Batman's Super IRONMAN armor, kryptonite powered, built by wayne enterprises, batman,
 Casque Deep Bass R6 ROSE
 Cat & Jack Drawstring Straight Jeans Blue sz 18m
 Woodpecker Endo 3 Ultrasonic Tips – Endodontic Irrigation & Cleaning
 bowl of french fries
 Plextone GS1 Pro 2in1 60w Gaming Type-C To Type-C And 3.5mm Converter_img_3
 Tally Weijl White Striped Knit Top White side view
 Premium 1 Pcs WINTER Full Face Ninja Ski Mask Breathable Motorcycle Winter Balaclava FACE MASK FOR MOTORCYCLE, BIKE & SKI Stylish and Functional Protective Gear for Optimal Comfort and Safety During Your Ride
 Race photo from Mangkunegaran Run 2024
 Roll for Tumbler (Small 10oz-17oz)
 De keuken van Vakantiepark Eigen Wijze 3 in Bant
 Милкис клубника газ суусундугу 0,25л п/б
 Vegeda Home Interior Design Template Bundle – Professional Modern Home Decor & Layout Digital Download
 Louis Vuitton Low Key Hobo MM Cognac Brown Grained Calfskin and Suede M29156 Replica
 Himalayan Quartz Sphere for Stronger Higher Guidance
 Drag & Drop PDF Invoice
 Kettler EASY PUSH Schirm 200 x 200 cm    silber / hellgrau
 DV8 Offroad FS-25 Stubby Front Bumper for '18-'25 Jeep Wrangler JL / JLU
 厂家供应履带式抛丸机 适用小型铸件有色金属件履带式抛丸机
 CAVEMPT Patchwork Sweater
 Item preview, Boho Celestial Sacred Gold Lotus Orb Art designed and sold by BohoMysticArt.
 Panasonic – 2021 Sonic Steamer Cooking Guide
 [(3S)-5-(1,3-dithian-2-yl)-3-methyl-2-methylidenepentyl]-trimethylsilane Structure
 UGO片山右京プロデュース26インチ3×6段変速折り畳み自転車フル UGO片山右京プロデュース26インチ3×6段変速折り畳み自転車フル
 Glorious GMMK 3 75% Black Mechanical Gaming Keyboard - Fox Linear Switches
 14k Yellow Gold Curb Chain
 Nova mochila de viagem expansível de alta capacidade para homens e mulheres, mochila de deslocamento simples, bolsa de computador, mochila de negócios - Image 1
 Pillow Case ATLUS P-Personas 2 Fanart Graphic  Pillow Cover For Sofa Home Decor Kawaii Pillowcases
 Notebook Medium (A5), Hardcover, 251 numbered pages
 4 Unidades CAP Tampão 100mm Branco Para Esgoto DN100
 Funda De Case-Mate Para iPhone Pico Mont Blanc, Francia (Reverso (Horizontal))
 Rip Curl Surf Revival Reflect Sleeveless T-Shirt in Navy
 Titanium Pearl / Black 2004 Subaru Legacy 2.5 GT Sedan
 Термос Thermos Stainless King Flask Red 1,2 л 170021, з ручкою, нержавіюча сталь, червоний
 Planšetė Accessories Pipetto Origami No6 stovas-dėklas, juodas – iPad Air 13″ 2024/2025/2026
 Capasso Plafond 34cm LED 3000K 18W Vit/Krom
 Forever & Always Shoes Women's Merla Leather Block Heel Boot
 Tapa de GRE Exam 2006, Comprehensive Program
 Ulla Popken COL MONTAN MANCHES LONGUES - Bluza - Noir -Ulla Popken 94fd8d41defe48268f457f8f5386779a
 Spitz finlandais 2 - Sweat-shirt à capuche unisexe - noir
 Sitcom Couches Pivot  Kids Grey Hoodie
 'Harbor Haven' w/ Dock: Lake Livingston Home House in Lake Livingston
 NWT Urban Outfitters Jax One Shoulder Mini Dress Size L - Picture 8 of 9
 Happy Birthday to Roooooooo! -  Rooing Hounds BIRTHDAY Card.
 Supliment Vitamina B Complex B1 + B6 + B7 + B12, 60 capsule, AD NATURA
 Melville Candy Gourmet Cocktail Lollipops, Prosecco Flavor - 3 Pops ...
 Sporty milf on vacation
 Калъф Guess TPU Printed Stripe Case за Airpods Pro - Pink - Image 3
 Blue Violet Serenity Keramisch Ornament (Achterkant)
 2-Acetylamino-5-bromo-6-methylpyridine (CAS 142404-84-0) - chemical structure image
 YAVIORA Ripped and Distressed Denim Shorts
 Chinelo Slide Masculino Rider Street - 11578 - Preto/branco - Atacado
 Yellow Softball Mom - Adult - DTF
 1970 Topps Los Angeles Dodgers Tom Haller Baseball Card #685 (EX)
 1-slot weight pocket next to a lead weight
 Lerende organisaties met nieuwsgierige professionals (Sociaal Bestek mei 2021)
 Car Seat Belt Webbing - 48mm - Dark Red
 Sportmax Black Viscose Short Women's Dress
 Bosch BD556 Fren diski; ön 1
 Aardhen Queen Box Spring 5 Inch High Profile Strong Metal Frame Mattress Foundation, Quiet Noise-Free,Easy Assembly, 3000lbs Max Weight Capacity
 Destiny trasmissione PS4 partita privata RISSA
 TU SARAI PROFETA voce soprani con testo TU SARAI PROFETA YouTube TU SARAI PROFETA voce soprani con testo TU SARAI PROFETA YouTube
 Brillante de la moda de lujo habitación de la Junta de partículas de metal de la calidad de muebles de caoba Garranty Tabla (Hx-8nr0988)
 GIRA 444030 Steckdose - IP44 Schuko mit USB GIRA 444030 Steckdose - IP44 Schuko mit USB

→ WHAT THE TASK ASKS
The lines above that hold the word "Case" should be found and copied out.

→ EXERCISE OUTPUT
 Pillow Case ATLUS P-Personas 2 Fanart Graphic  Pillow Cover For Sofa Home Decor Kawaii Pillowcases
 Funda De Case-Mate Para iPhone Pico Mont Blanc, Francia (Reverso (Horizontal))
 Калъф Guess TPU Printed Stripe Case за Airpods Pro - Pink - Image 3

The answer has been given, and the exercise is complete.